In 1991, a 28-year-old Justin Quek faced a crossroad: spend his $40,000 life savings on a motorcycle, or a trip to France. A fruit seller’s son who didn’t complete secondary school, Quek trained at Mandarin Oriental Singapore and was sponsored by them to attend Shatec, the country’s only hospitality school at the time, with fellow trainee Chan. Post-graduation, he worked at The Oriental, Bangkok for a year, then at Mandarin Oriental Singapore’s Fourchette under chef Bertrand Langlet. Quek later became the head chef at Delifrance Bistro, following Langlet.
After two years at Delifrance Bistro, Quek made that seminal trip to France. He spent a year there, working at some of the most iconic restaurants at the time; he also went to London to train under Michel and Albert Roux at Le Gavroche. Upon returning to Singapore, he landed an almost unheard-of position, as personal chef to the ambassador at the French embassy.
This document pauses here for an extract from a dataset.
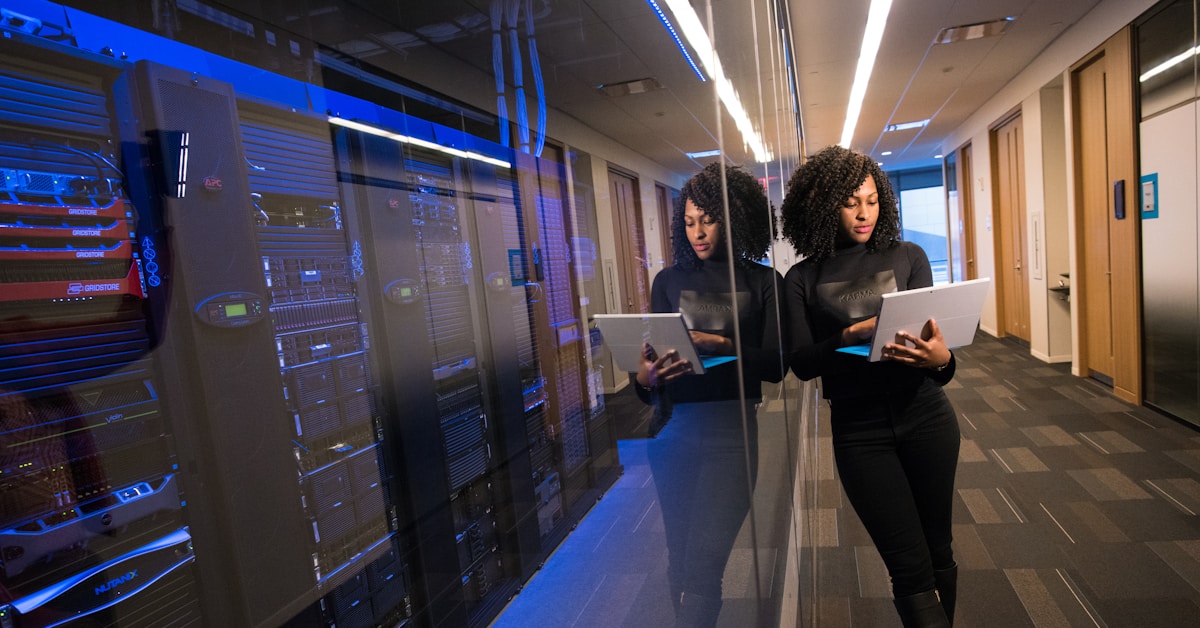 Cloud storage servers and data center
By the time Chan arranged for Quek to cook for Lim, the young chef had already settled upon his style of cuisine. Reflecting back on those first impressions, Lim says, “Justin’s food immediately stood out. It was light, refreshing and delicious. I still remember the first dish. It was a carpaccio of lightly marinated salmon with crunchy vegetables. It was so deceptively simple, flavoured with salt, orange and lime juice. You have to understand, back then no one was cooking like this.”